In some industries, we hear it all the time. We need to let more of the foreigners in, because there is a shortage is workforce.

But what they are forgetting, that in a market based system, things life shortage show themselves in many different aspects.

If we start with only demand and supply theory. If the demand is getting bigger, and the supply is not changing, then the wages of the workers are going to go up. Because the wages went up, there are more people, that want to deliver a supply at that price. The end results is, that more people are employed and have higher wages.

On the long run, there are going to be people, that are willing to learn the skills, and we will have people, to fill in every position that is in demand. Because there is more people than before in the work market, the wages go down, but the number of people employed is higher.

The only recent information I could find was from Canada and for specifics jobs. In that definition, the shortage is shown in the next jobs: oil drilling supervisor, transportation supervisor, geologist, school counselor and metal-forming supervisor.

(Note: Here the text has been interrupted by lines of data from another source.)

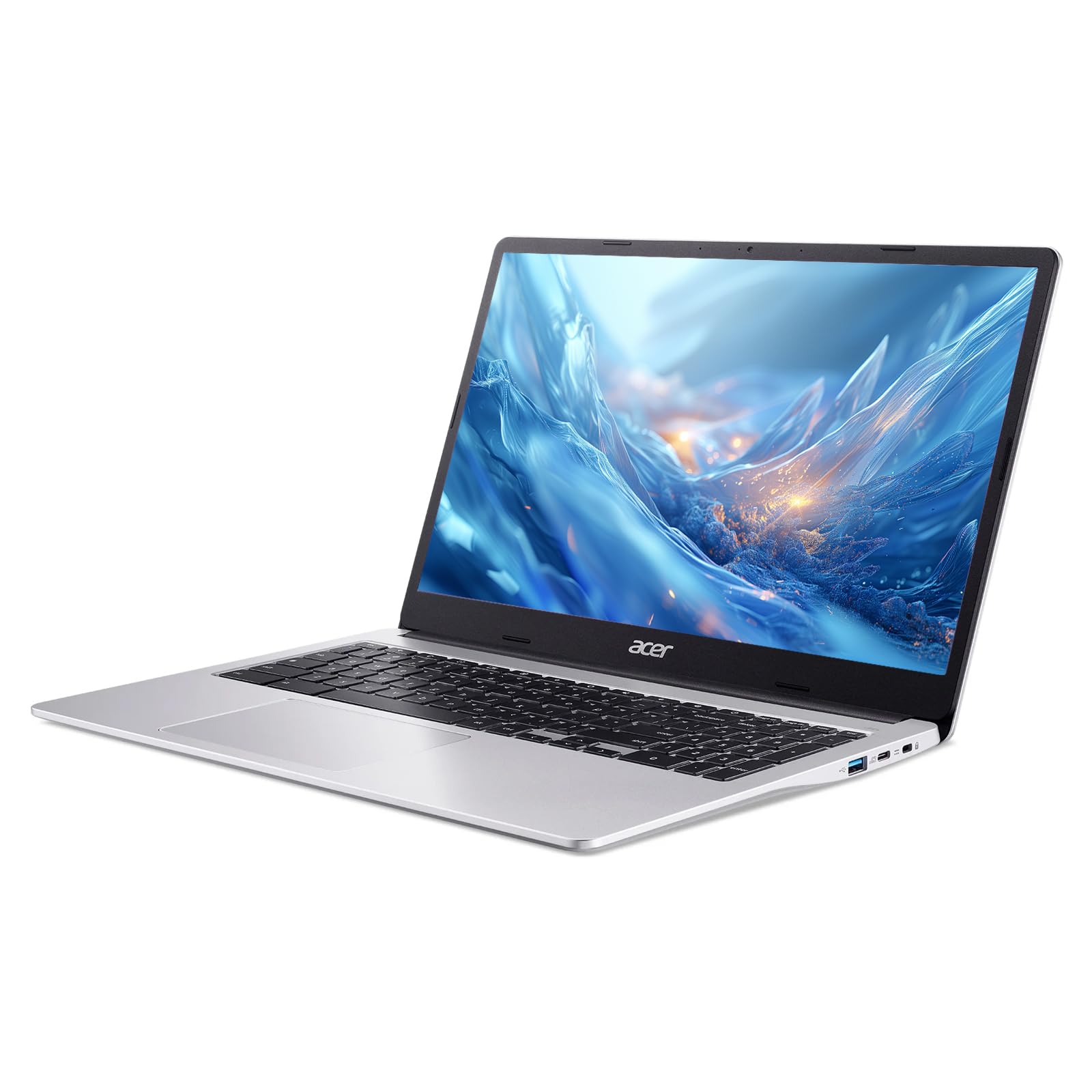 Chromebook本体 Acer Chromebook 315 Amazon.com: acer Chromebook 315 15.6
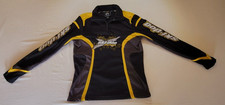 Vintage BRP Ski-Doo Team Men's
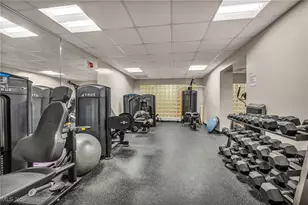 12550 Lake Ave, Oakwood, OH 44107 - Photo 29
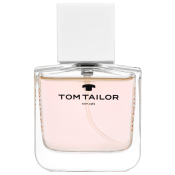 Tom Tailor Woman Eau de Toilette voor vrouwen 30 ml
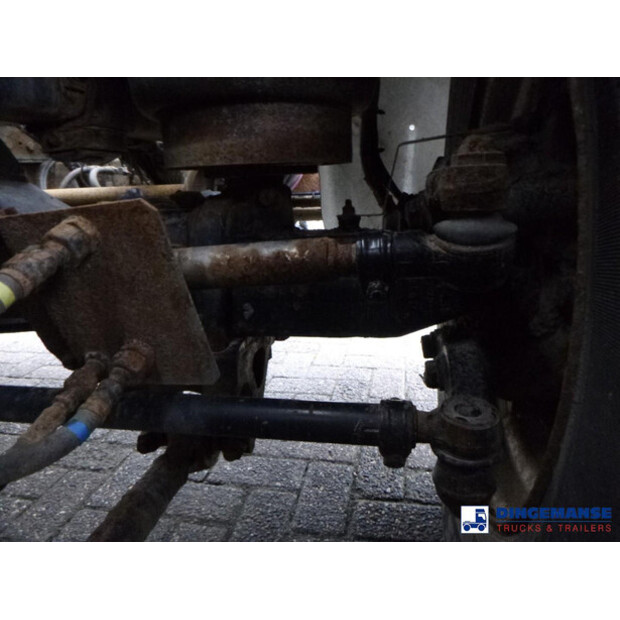 2011 داف CF 85.410-43070737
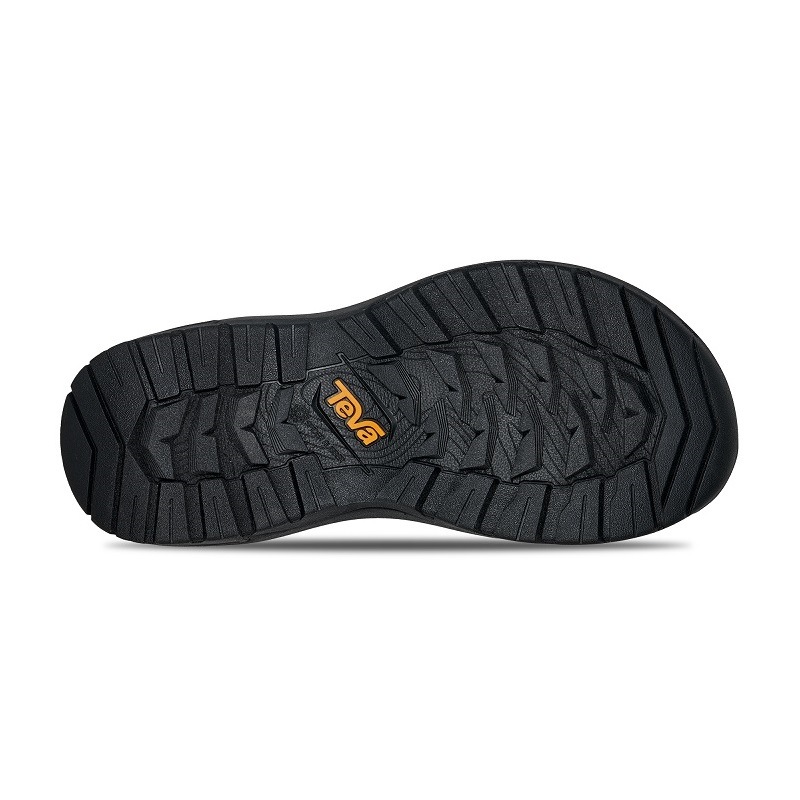 TEVA S26 3/13 W HURRICANE XLT3 BLACK 1173671-BLK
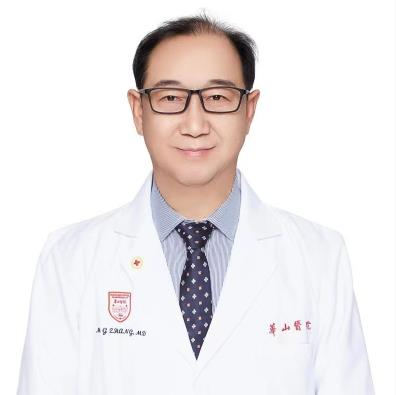 张明广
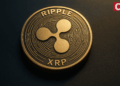 Ripple Labs Drops $200K Grants to Fuel Japan’s Web3 Revolution, Is XRP About to Take Over?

But these are percentages. That means, if the job market for that job is small, than even a small shortage will bring a bigger increase in salary, than if the job market is bigger.

That was a simple model. But we should not forget, that in reality, job markets are more complex. The salaries can change also based on the union organization, the salaries of the workers outside of the country, how easy is it to outsource, how many foreign worker can came or will come or how necessary some jobs are.

Unions can negotiate with either companies or government, depending on the country, about the salaries of the people involved. They usually want bigger salaries for their workers, even if that leads to bigger unemployment.

But the unions can sometimes work for bigger employment, even if the end result are smaller salaries.

If the salaries outside of the country are lower, than the company can keep the salaries of domestic workers, by importing some of the foreign ones, if they are ready to work for a smaller salary. Here the regulations about the foreign workers, made by the government play a big role. The harder it is, the less likely they will go this way.

Or they can simply move a part of their production or company in the different county. Using the workforce in the lower costing country can also keep the shortage of jobs to the minimum and with that the salaries do not increase.

For the last thing, if the job is not necessary, it is still possible, that the salaries can go up a lot, but only in the time of economic growth. In the recession, this jobs are one of the first to go.

But while past can be a good indicator of the future, changes, that nobody can predict can happen. That is why it is so hard for economist to predict anything right. So take analyses like that with just a tiny grain of salt.